We’ve spent more time in our own backyards than ever before this year, so here is how we can give our urban backyard a much needed refresh. When we started with this space, it was a bit overgrown with a huge tree that was dying and falling over into the neighbor’s yard – it was kind of a safety hazard
Once the tree was down, there was really nothing of interest in the yard. We had a blank slate.
Where to start?
We start by overhauling the perimeter. If you can, put in a new fence Or at least re-stain an existing fence it’s like a fresh coat of paint in a room. Paint the back of your house in the same or coordinating colour for a unified perimeter. The board and batten on the back of the house here used to be a pale blue. By painting over any inconsistencies or discolorations, it feels new. I also like the cooling effects of a darker colour in a space that gets a lot of sun.

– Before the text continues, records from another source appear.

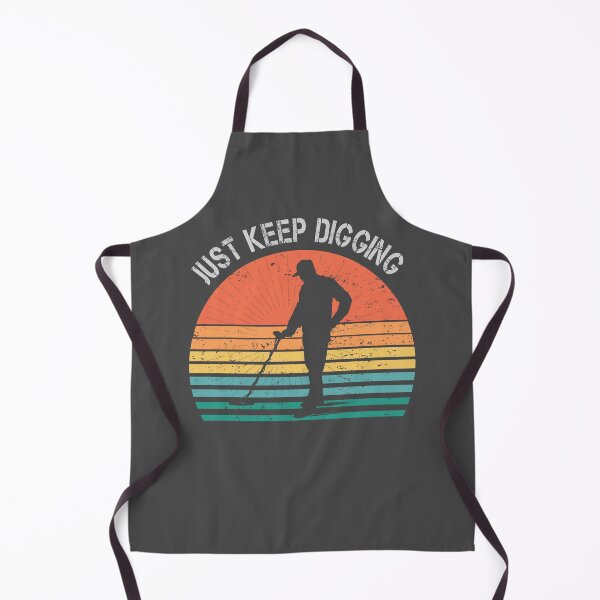 Item preview, Funny Metal detector retro sunset just keep digging  designed and sold by TipTopTapo.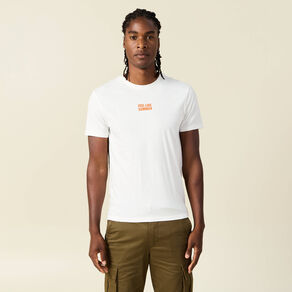 T-shirt manches courtes ecru homme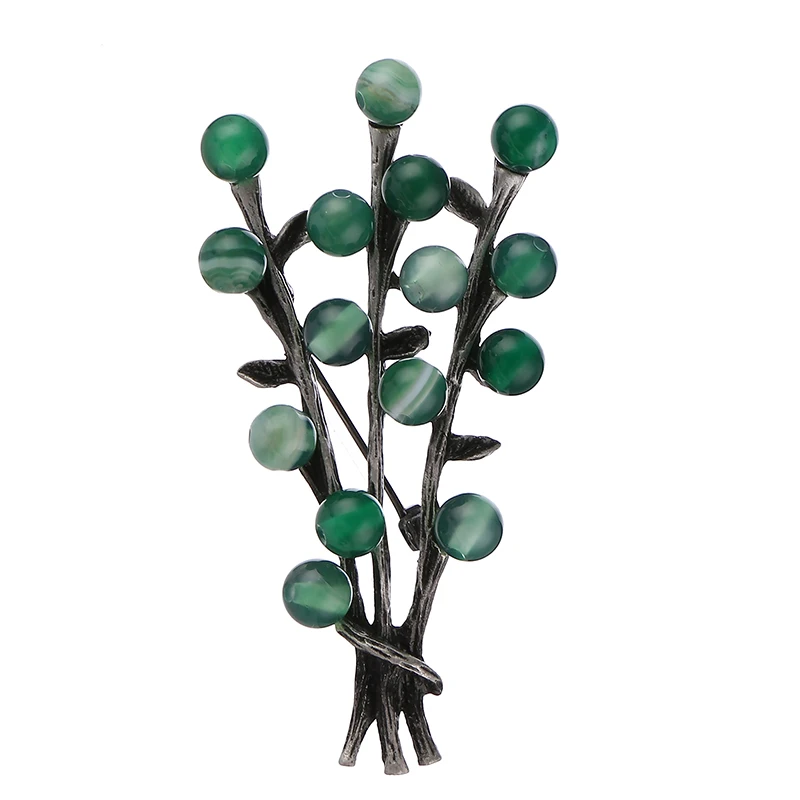 Romantic Flower Brooch Pins Retro Silver Plant Tree Brooch Natural Stone Brooches for Women Decoration Bouquet Clothes Jewelry
Romantic Flower Brooch Pins Retro Silver Plant Tree Brooch Natural Stone Brooches for Women Decoration Bouquet Clothes Jewelry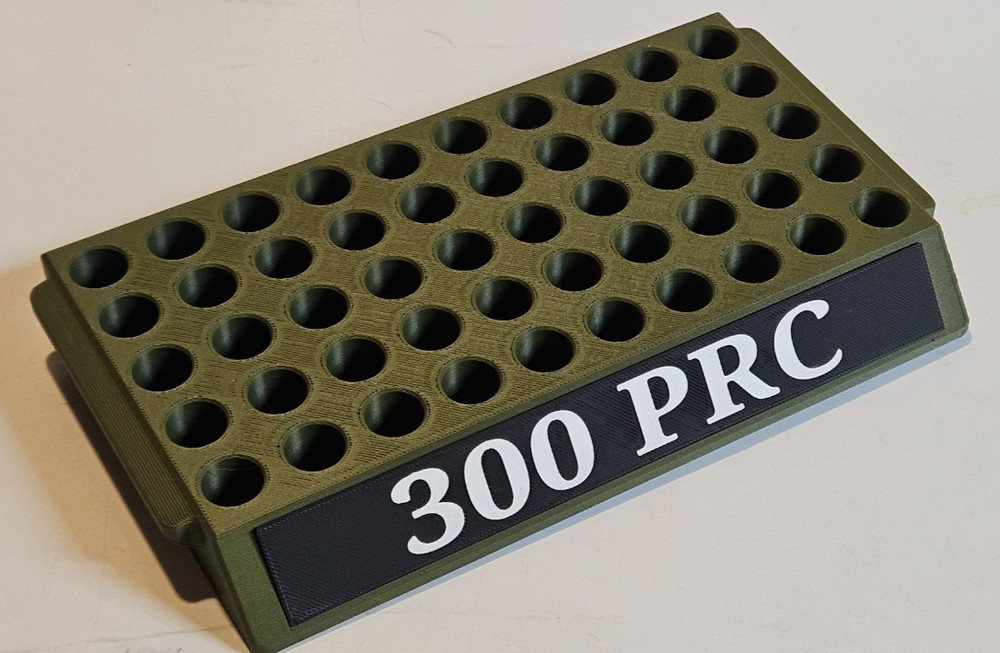 Reloading Tray for 300 PRC or similar size - Select Color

We used simple horizontal boards on this fence to create the illusion of a longer yard and pressure treated wood, which is more affordable than cedar. I stained it in Benjamin Moore’s opaque deck and fence stain in Wrought Iron – it is a classic deep grey that works with most exteriors
Tip: let the boards sit unfinished for a year before you paint so they can expand and contract first – before staining it. To avoid cracking.
What about plants?
Plant in tiers along the edges in layers of texture. No fail boxwood trim around the edge of the patio – fail safe – clean edge paired with puffy hydrangea – classic space filling puffy white hydrangea – mine haven’t bloomed yet, but when they do, they provide a nice hit of fresh white that contrasts beautifully against the foliage and furniture.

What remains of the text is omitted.